Wiedmer: Time hasn't softened Vols fans' ire toward Lane Kiffin

AP photo by Wade Payne / Ole Miss football coach Lane Kiffin was a winner Saturday night as he returned to Tennessee as a head coach for the first time since his lone season in Knoxville in 2009.
AP photo by Wade Payne / Ole Miss football coach Lane Kiffin was a winner Saturday night as he returned to Tennessee as a head coach for the first time since his lone season in Knoxville in 2009.

"This is what college football is all about."

The words belonged to Ole Miss coach Lane Kiffin in the final minutes before his Rebels would take the field at a sold-out, jam-packed, loud-and-proud Neyland Stadium against Tennessee on Saturday night in Knoxville.

Once upon a time, you may have heard, Kiffin coached the Volunteers. For one season in 2009. To hear the boos that greeted Kiffin both before the game and at halftime, the Big Orange Nation was in no mood to forgive his exit after that one season to take his "dream job," as he called it at the time, at the University of Southern California.

And Kiffin being Kiffin, he seemed to delight in egging on that anger near the end of an opening half that ended with the Rebels ahead 24-12. Having failed to use any of his three first-half timeouts before the Vols lined up to attempt a field goal inside the final five seconds, he used them all, one directly after the other, in an attempt to ice kicker Chase McGrath - himself a former USC Trojan - on his half-ending 39-yarder.

The ploy didn't work. The kick was good. But Kiffin's smirks after each stoppage of the clock let anyone concerned about such things know he was more than willing to continue to get under the skin of Tennessee fans.

After all, for better or worse, at least in Kiffin's mind, that's what college football is all about.

But in a bigger picture, the atmosphere in Neyland throughout this electric, emotional evening, just might be what Tennessee football figures to be about going forward under first-year coach Josh Heupel.

The first half certainly wasn't the Vols at their best this season, at least not the two Southeastern Conference games prior to this one against Missouri and South Carolina.

The Big Orange put up a big 28 points in the first quarter of each of those two resounding victories. It had less than half that in the first two quarters against Ole Miss.

Yet there's a reason Heupel, his staff and this Tennessee team talk about it being a 60-minute game, about playing fast and furious from the opening kick until the final horn.

The Vols' goal is to wear you down, zap your energy, leave you gasping for air as they grow stronger by the minute and the quarter.

Or as SEC Network analyst Jordan Rodgers, the former Vanderbilt quarterback, noted in the third quarter with the Vols charging back: "(Heupel's offense has brought) the promise and the hope this fan base has from what it's seen throughout this season."

photo AP photo by Wade Payne / Tennessee defensive lineman Omari Thomas reacts after making a tackle for a safety during the first half of Saturday night's home game against Ole Miss.

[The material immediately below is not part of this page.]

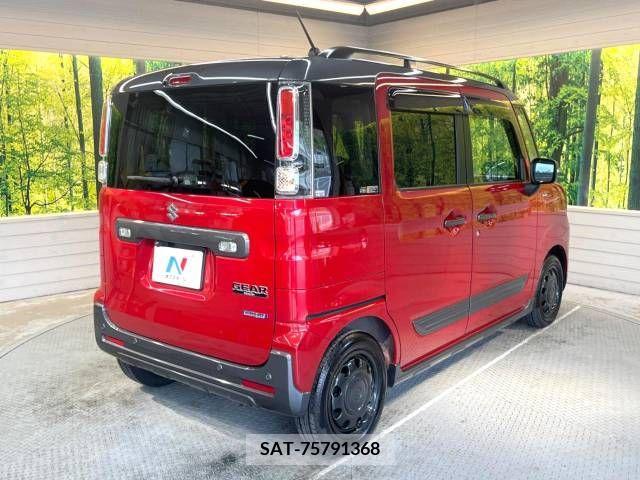 Suzuki SPACIA 2019-09 285994-18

So Neyland was thunderous and overflowing as it hadn't been in years, and magnificently turned into the world's largest orange-and-white checkerboard. And regardless of this emotional contest's outcome, the Tennessee football program won merely by creating an atmosphere nearly certain to impress any recruit who was in the giant stadium or all who watched it on television.

If this is what the Heupel and the program are now selling - this atmosphere, this playing style, this grand tradition once more on the rise - buyers will be numerous.

Yet regardless of how this season ultimately plays out, whether in a decidedly minor bowl should the Vols finish 6-6, or in something bigger should they wind up 7-5 or 8-4, it's probably safe to predict the fans are back for the foreseeable future, with or without a Lane Kiffin to boisterously boo.

Even on television, the numerous performances of "Rocky Top" were deafening. The crowd of more than 102,000 appeared to stand and yell throughout, pom-poms constantly shaking. It was something to behold, and certainly fulfilled Heupel's pregame request for Vols fans to create "a hostile environment" for Ole Miss.

It even led to Rebels quarterback Matt Corral throwing his first interception of the season.

Alas, it wasn't enough to prevent a 31-26 Ole Miss victory.

Still, years from now, whenever this Ole Miss-Tennessee matchup is revisited by Vols fans, the atmosphere is likely to be discussed as much as the game.

For while this may have been a night when the Big Orange Nation gathered to deliver an angry goodbye to Kiffin 12 years after he left Rocky Top, it may ultimately be remembered as the night that fan base welcomed back one of the best game-day atmospheres in all of college football.